Now that `TInstruction` is shared between IR stages, several of the per-stage IR construction predicates can now be moved into the `Raw` interface exposed only by the initial construction of IR from the ASTs. This also removed a couple predicates that were not used previously at all.
Each stage of the IR reuses the majority of the instructions from previous stages. Previously, we've been wrapping each reused old instruction in a branch of the `TInstruction` type for the next stage. This causes use to create roughly three times as many `TInstruction` objects as we actually need.
Now that IPA union types are supported in the compiler, we can share a single `TInstruction` IPA type across stages. We create a single `TInstruction` IPA type, with individual branches of this type for instructions created directly from the AST (`TRawInstruction`) and for instructions added by each stage of SSA construction (`T*PhiInstruction`, `T*ChiInstruction`, `T*UnreachedInstruction`). Each stage then defines a `TStageInstruction` type that is a union of all of the branches that can appear in that particular stage. The public `Instruction` class for each phase extends the `TStageInstruction` type for that stage.
The interface that each stage exposes to the pyrameterized modules in the IR is now split into three pieces:
- The `Raw` module, exposed only by the original IR construction stage. This module identifies which functions have IR, which `TRawInstruction`s exist, and which `IRVariable`s exist.
- The `SSA` module, exposed only by the two SSA construction stages. This identifiers which `Phi`, `Chi`, and `Unreached` instructions exist.
- The global module, exposed by all three stages. This module has all of the predicates whose implementation is different for each stage, like gathering definitions of `MemoryOperand`s.
Similarly, there is now a single `TIRFunction` IPA type that is shared across all three stages.

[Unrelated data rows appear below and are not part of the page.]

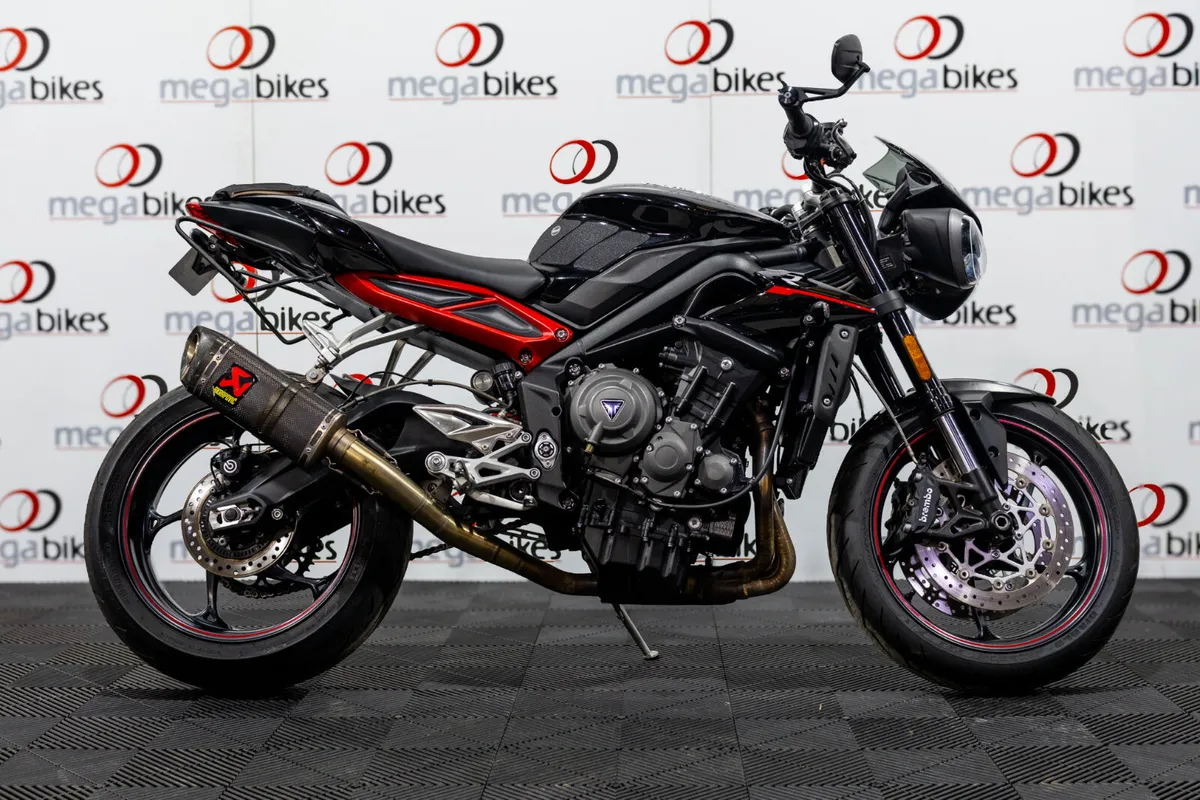 Triumph Street Triple 765R 2018 - Image 1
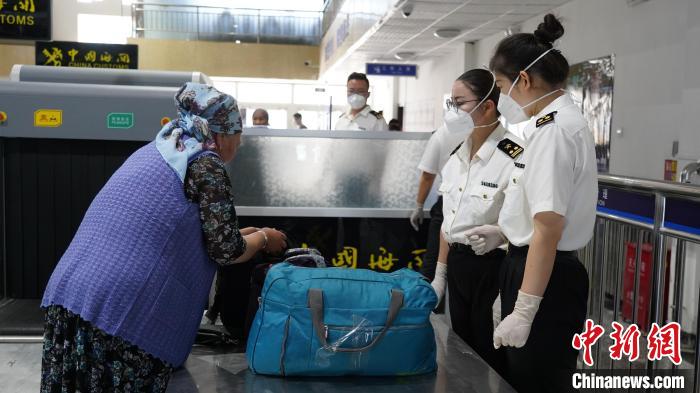 游客正有序通過海關(guān)查驗。　李森 攝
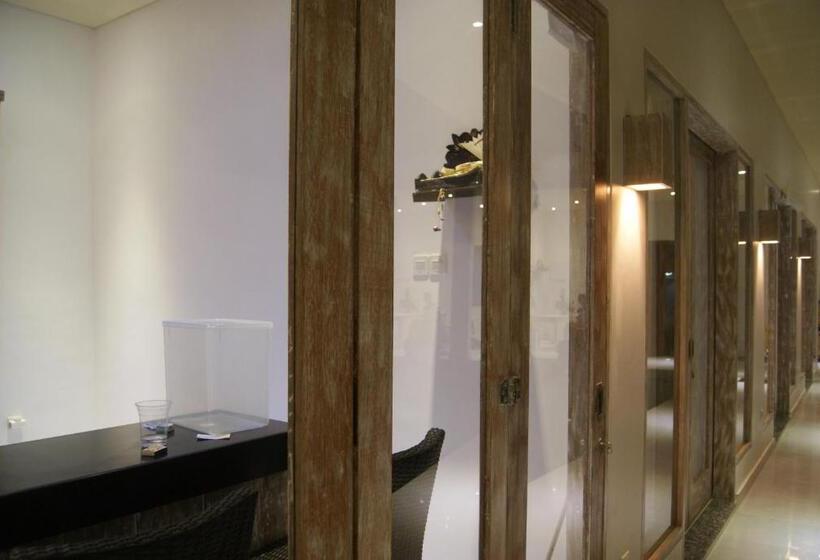 デラックスルーム, Sugiras Living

There is a single `IRFunctionBase` class that exposes the stage-indepdendent predicates; the `IRFunction` class for each stage extends `IRFunctionBase`.
Most of the other changes are largely mechanical.
While investigating a bug with `TInstruction` sharing, I discovered that we had a case where alias analysis could create two `VirtualVariable`s for the same `Allocation`. For an indirect parameter allocation, we were using the type of the pointer variable as the type of the indirect allocation, instead of just `Unknown`. If the `IRType` of the pointer variable was the same type as the type of at least one access to the indirect allocation, we'd create both an `EntireAllocationVirtualVariable` and a `VariableVirtualVariable` for the allocation.
I added a new consistency test to guard against this in the future. This also turned out to be the root cause of the one existing known consistency failure in the IR tests.
The previous changes made the optimizer choose a bad join order for the RHS of the antijoin in `addressOperandAllocationAndOffset`. Once again, `unique` to the rescue.